Sticking point: Austria's re-run election postponed due to faulty glue on ballots
The blame game is expected in politics, but when it comes to Austria's presidential race, the most hated player is... glue. Faulty ballot seals have caused a re-run election to be postponed.
The election has been anything but ordinary. In fact, it’s been tough for almost everyone involved – from voters, to candidates, to the government.
It all began when far-right candidate Norbert Hofer, who lost by just 31,000 votes in the original election, challenged the final outcome. Judges later cited irregularities in the way some postal ballots had been processed, and a re-run election was called by the Constitutional Court.

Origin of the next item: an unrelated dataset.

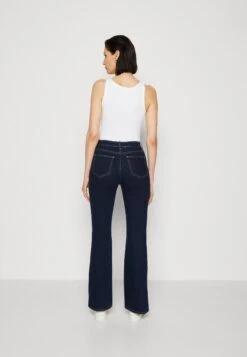 Anna Field Flared Jeans - Dark Blue 8 Anna Field Flared Jeans - Dark Blue -Anna Field c5fe20281aa042ee819b21b089fd48c0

But as if that wasn't enough, there's now another twist in the election saga.
Just when voters thought the whole mess would be over after the October 2 re-run, Interior Minister Wolfgang Sobotka has now announced the re-run will be postponed until November 27 or December 4.
According to the latest statement from the Social Democrats' spokeswoman, the parties have now agreed to hold the re-run elections on December 4.
It comes after some postal voters complained about mail-in ballots that failed to seal, likely due to low-quality adhesive. It's a mistake that has left the manufacturer of the 1.5 million faulty voting cards in hot water, with Vienna demanding an explanation for the embarrassing blunder that has made the government the target of internet ridicule and an inspiration for a hashtag – #Wahlkartenfilme – which roughly translates as “the movie on ballot papers.” Austrian Twitter-folk have been toying with famous movie titles, relating them to glue problems and ballot papers.
There is, at least, a silver lining for Austria's youngest voters, with Sobotka announcing he’ll be extending the vote to those who have reached the voting age of 16 since the original election took place in May.
Nevertheless, all eyes are currently glued to the election to see whether the re-run will actually be taking place on one of the newly-suggested dates. Or if another unexpected incident will push the envelope, leaving voters in limbo once again.